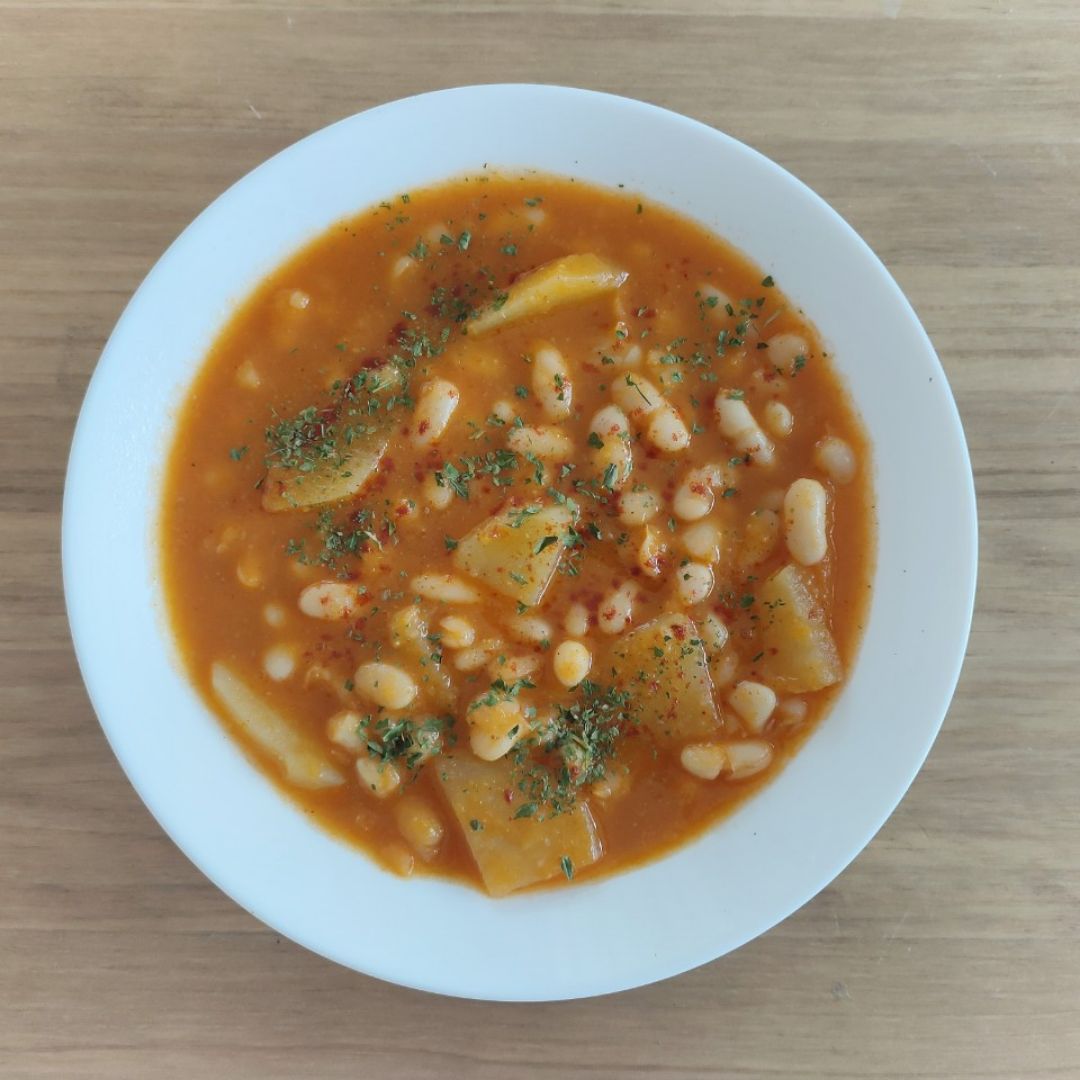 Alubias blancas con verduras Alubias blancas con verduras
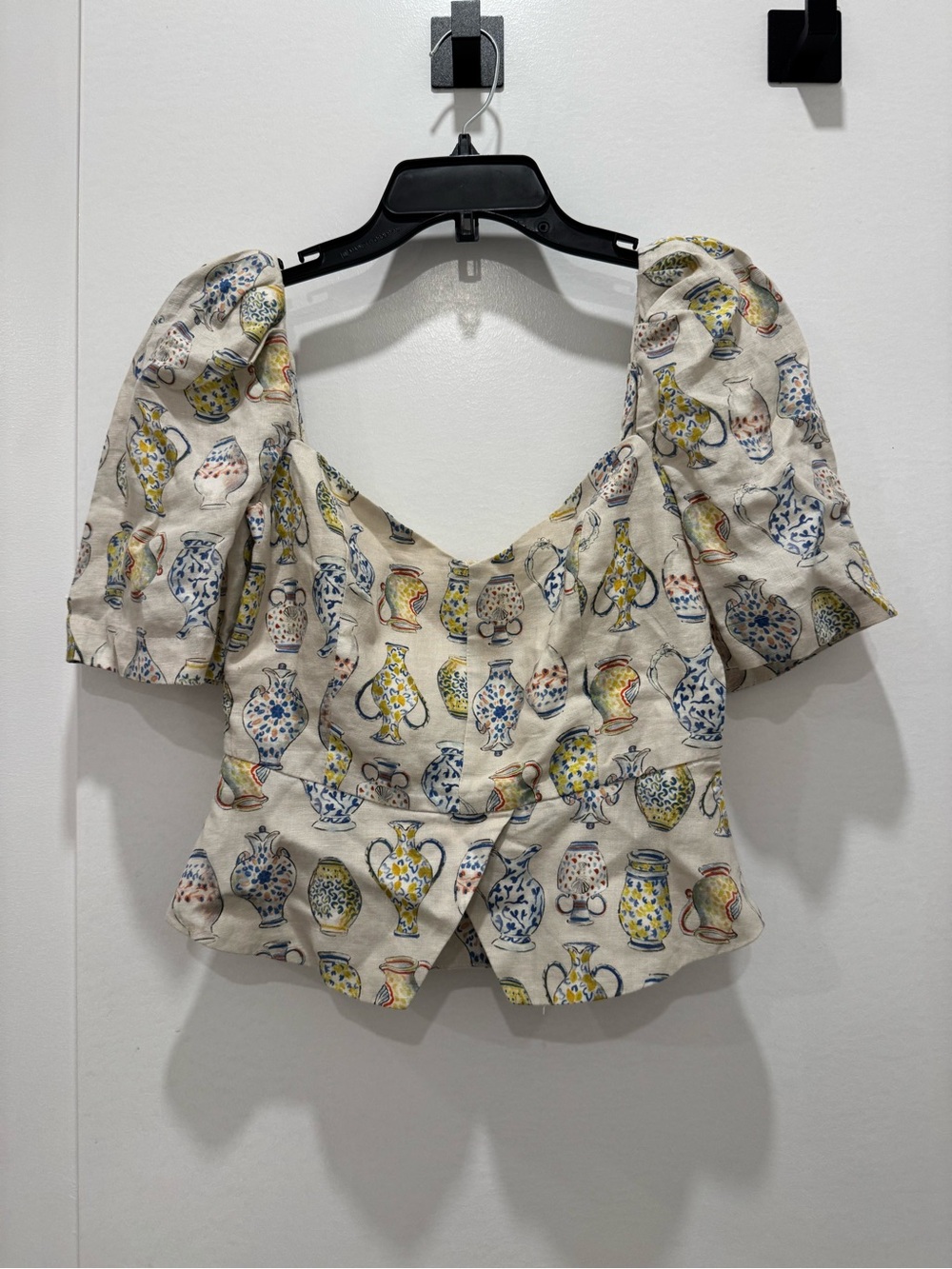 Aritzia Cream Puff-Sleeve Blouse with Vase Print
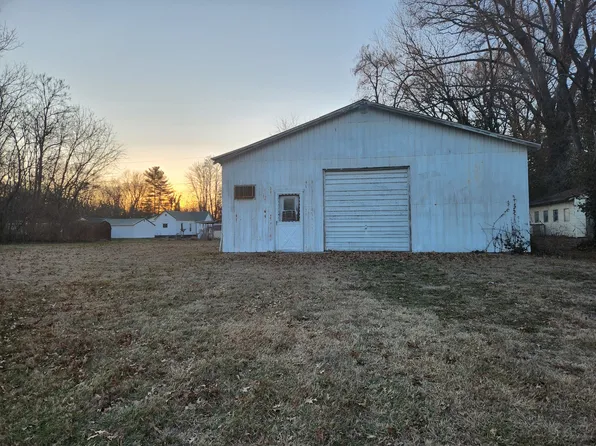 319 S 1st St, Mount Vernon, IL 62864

■ Work task ■
Where pictures sit among the data above, omit them, and output the rest exactly.

■ Answer section ■
 Alubias blancas con verduras Alubias blancas con verduras
 Aritzia Cream Puff-Sleeve Blouse with Vase Print
 319 S 1st St, Mount Vernon, IL 62864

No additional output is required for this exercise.